August 24, 1998
Overflows are probably a result of weather conditions
To: US EPA, Region 10
RE: Public Notice #98-AV-0005 and #98-AV-0006, Proposed Penalty Assessments under Clean Water Act (The Walter De Jong and James/Jason Roetcisoender Dairies)
Since both of these infractions occurred on the same day, February 12, 1998, I suspect there were weather conditions that contributed to what I suspect were truly accidental overflows to the Snoqualmie River. (Or if they were deliberate, was there an overriding extenuating circumstance which made the runoff to the Snoqualmie the lesser of two evils?)
The $22,000 and $11,000 penalties may appear small change to the EPA, but it's a huge amount to dairy farmers beset by government regulations that are driving many out of business. As a confirmed 75-year milk drinker I object to my government driving the sources of my favorite beverage out of business.

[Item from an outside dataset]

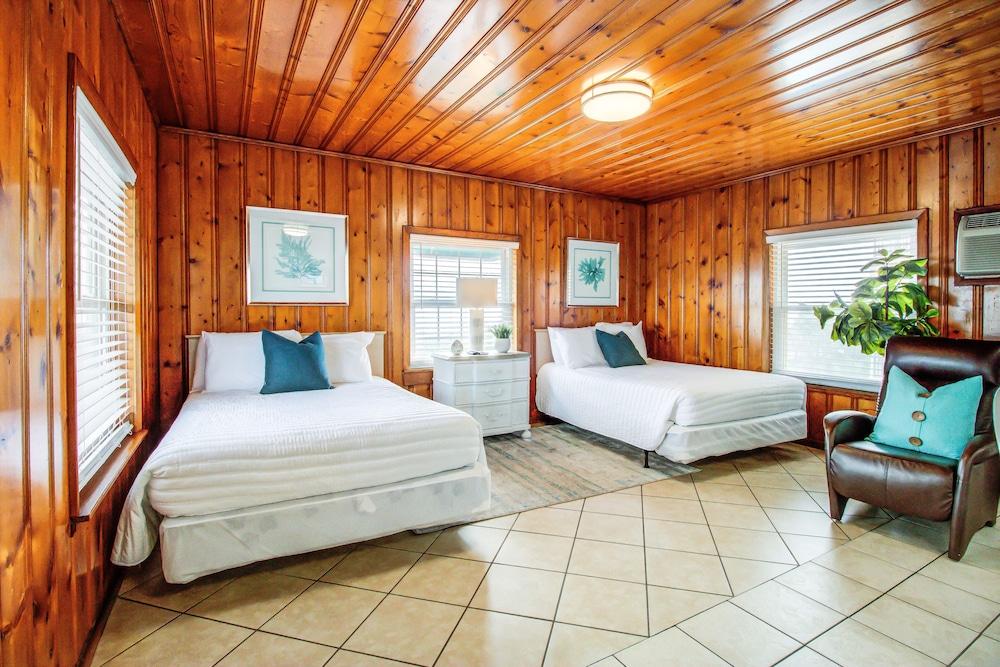 SeaWitch Motel photo 40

Judging from the time of year, I'm sure whatever runoff went into the river was quickly flushed away by the huge amounts of water running through the Snoqualmie River in February, so what damage was there, really?
And don't forget, fish need nutrients and it's been printed that perhaps fish declines in Lake Washington are attributable to too-clean water? (Except in the backwaters where the ducks and Canadian Geese are supplying nutrients that don't flush.)
I hope you will not levy those fines against those farmers.